● **REQUIRED ACTION**: Your output should be the lines below from the one with "Cheap Gucci T-Shirts" through the one with "Trak Racer Flight", copied exactly, pictures excluded.

● **DATASET RECORDS**:
———

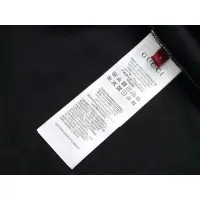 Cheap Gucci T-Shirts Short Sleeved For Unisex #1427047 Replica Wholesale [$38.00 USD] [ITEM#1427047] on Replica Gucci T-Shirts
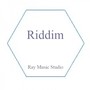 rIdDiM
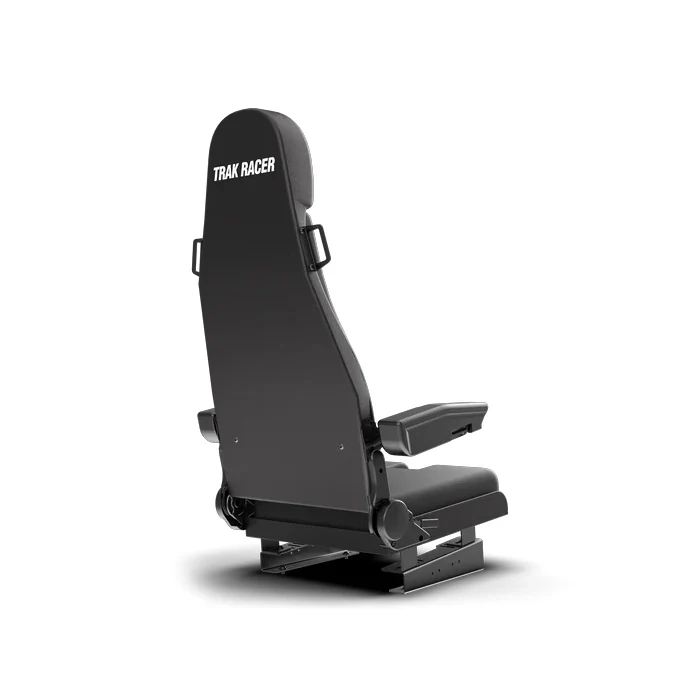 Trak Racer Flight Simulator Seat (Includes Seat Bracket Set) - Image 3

———

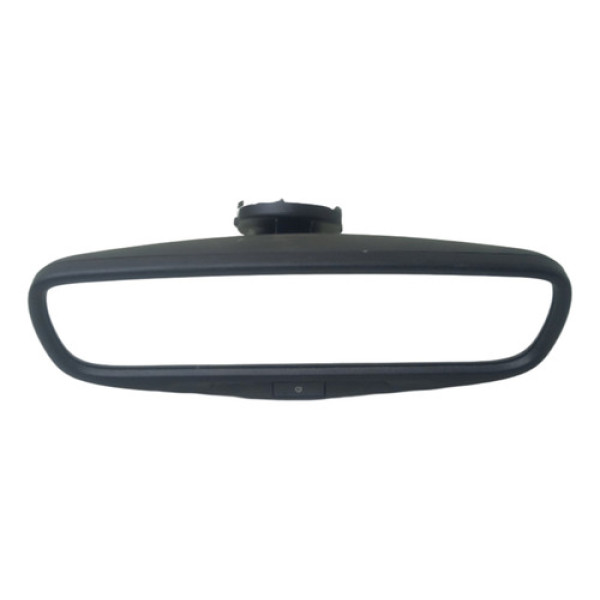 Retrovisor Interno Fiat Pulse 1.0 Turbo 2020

———

● **FINISHED EXERCISE**:
 Cheap Gucci T-Shirts Short Sleeved For Unisex #1427047 Replica Wholesale [$38.00 USD] [ITEM#1427047] on Replica Gucci T-Shirts
 rIdDiM
 Trak Racer Flight Simulator Seat (Includes Seat Bracket Set) - Image 3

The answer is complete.